Esta víctima “abstracta”, colectiva y animosamente represiva, sólo puede ser entendida como parte de un proceso de representación colectiva: su fuerza radica en que se ha convertido en fiel representante de un sentimiento generalizado “de toda la sociedad”. Para decirlo en razón de un caso conocido: no se trata de Juan Carlos Blumberg, nunca se trató de él. Ni siquiera se trata de Axel Blumberg. Se trata de la enorme representatividad que Blumberg, y los blumbergs anónimos, cotidianos, permanentes, logran. Ese sentimiento (miedos desplegados en la vida cotidiana, miedo o desprecio al otro-marginal, incertidumbres sociales e identitarias que reclaman un foco para poder ser encauzadas) es el que aparece en la categoría insuperablemente difusa de “inseguridad”.

Qué justicia

Cuando se habla públicamente de “acordarse de las víctimas” o “tener en cuenta a las víctimas” en el juicio penal hoy se habla en esta segunda clave “punitivista”. Así fue pensada esta ley. Sin embargo, algunos movimientos están nuevamente empezando a disputar este sentido ganado por la derecha de lo que significa “la víctima” en el proceso penal. La iniciativa que entendemos más relevante es la aparición de la organización “Víctimas por la Paz” (cuyo empuje debe reconocérsele al juez Mario Juliano), al reunir e intentar organizar a una serie de víctimas de crímenes o delitos que afirman que su problema no se soluciona con un castigo duro, si no que intentan nuevamente reconstruirse a partir del perdón, de la compensación, de tender lazos afectivos, de comprender la realidad propia y del otro más allá del hecho del cual se ha sido víctima. Es decir, aquella víctima en la que confiaron los abolicionistas.

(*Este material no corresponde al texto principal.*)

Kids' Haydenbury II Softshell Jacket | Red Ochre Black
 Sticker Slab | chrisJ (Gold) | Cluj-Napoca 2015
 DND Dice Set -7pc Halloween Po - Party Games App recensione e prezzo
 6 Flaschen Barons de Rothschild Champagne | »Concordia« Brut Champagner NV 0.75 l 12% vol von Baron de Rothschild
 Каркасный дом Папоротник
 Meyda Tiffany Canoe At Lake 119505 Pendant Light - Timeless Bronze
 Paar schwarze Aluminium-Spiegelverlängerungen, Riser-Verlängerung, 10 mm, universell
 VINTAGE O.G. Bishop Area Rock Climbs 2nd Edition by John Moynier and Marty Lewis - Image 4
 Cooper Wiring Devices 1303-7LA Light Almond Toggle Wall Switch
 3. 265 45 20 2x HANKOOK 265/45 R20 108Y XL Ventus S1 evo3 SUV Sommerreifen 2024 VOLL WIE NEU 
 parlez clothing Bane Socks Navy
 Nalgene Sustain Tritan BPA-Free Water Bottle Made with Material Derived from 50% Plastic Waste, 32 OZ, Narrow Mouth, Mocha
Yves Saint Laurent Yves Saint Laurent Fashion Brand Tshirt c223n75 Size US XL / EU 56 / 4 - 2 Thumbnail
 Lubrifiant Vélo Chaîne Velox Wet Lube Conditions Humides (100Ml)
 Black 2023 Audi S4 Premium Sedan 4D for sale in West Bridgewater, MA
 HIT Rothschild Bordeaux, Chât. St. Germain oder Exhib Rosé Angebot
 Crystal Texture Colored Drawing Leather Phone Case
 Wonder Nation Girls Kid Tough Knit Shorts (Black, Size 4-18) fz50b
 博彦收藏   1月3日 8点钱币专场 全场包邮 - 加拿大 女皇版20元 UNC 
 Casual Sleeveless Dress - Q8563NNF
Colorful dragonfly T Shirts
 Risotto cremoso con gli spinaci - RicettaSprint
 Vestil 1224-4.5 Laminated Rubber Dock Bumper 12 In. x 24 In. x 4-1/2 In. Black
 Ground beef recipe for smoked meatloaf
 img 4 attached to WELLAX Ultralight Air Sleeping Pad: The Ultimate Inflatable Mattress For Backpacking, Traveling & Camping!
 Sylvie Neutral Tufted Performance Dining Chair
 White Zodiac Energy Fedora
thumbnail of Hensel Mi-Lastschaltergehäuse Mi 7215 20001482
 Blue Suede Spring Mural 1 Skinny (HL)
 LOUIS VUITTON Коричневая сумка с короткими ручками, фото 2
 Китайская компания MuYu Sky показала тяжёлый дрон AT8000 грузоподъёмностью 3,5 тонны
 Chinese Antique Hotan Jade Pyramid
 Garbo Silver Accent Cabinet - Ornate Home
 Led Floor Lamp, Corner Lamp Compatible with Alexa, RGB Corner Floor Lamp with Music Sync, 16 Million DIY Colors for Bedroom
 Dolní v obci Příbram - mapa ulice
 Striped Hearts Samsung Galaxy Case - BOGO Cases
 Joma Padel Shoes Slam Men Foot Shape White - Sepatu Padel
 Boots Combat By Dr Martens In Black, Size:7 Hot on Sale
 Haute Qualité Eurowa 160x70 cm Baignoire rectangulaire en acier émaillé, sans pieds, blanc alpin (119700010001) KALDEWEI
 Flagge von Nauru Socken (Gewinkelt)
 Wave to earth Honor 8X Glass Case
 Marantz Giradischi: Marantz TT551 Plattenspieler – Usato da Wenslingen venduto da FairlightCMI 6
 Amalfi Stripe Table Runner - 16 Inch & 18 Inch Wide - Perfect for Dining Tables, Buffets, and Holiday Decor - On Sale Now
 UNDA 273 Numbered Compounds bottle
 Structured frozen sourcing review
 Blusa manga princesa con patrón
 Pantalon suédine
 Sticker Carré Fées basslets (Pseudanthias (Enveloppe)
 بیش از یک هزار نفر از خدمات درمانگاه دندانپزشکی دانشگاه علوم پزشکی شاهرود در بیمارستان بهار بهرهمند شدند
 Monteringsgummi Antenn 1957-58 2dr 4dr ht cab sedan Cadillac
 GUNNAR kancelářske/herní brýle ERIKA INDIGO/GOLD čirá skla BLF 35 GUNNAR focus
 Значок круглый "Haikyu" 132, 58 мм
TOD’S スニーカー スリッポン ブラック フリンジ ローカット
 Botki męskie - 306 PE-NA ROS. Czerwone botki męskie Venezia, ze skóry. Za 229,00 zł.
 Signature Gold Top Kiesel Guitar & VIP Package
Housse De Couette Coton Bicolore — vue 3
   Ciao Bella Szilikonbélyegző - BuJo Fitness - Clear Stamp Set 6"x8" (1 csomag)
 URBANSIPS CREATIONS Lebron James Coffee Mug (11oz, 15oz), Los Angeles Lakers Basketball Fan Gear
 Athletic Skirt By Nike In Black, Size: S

La gracia, el “más allá de la justicia” del que hablaba Nietzsche.

En esta breve reseña hemos dejado de lado muchos aspectos que nos resultan interesantes sobre la víctima en el proceso y en la arena política, y sus significados cambiantes (de la que sólo adelantaremos que, por cierto, como aglutinante de conflictos colectivos, las víctimas más representativas de cada período son aquellas que permiten disputar o confrontar al poder político dominante en cada etapa). Sin embargo nos parece importante remarcar que cuando se habla de “la víctima en el sistema penal”, no todos están pensando en la misma víctima. Y esto es central para entender esta ley de víctimas: ha sido pensada para funcionar selectivamente.

En síntesis, es por un lado, una ley que en su efecto general será más simbólica que efectiva. En segundo lugar es una ley que piensa a la víctima abstracta y la vuelve concreta en función de su potencial represivo dentro del proceso penal, en función de una noción de justicia-castigo. Justicia como castigo, castigo como dolor, y dolor del otro como compensación para aquel que ha sido víctima.

Curiosamente -o no tanto- el neoliberalismo convierte una vez más en pesadilla los sueños libertarios: menos Estado, sí, pero para que aparezca entre las partes no el afecto (o algo parecido) si no la violencia. Eso sí, vestida de justicia.